No se fíen. La carcasa no resiste. Un vacío la llena sigilosa y reptante. Y se resquebraja a cada instante. Grietas.
Tengo miedo. Miedo blanco y latente. Impotente. Llenando mis huecos con sangre caliente, para esparcirla y dejar que impregne, despacio, paciente. Miedo de no terminar y de terminar igualmente.
Y aquí estoy. Perenne. Colgando de una rama vacía. Esperando el golpe maestro de un viento de nieve en un permanente instante.
“¿Qué crees que podríamos darte?”. Envidia. Eso. Una envidia malsana y distante. Un odio a mi ser aberrante. Que ya, nada.

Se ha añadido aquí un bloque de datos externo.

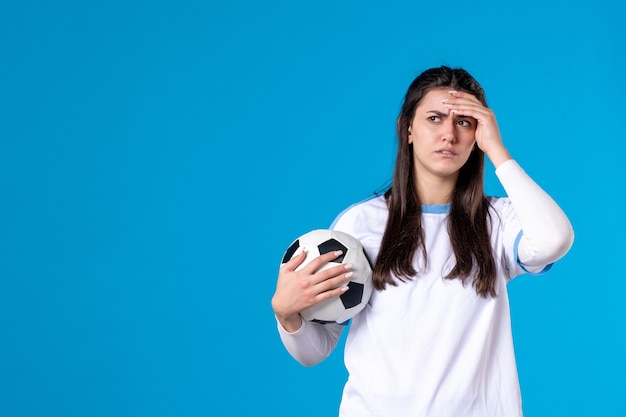 Vista frontal de las mujeres jóvenes con balón de fútbol en la pared azul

Ansiedad maldita. Que lo arrastras todo y somatizas. Que resistes cuanto te ataca. Que sonríes ante la parca. Que llenas todo con tu nada. Rabia.
Y así te vas. Satisfecha. Ya has destrozado el restante. Ahora sólo me queda mirar despacio, respirando a través del aire y volver a esperarte.
Para tu nuevo disparo de nieve.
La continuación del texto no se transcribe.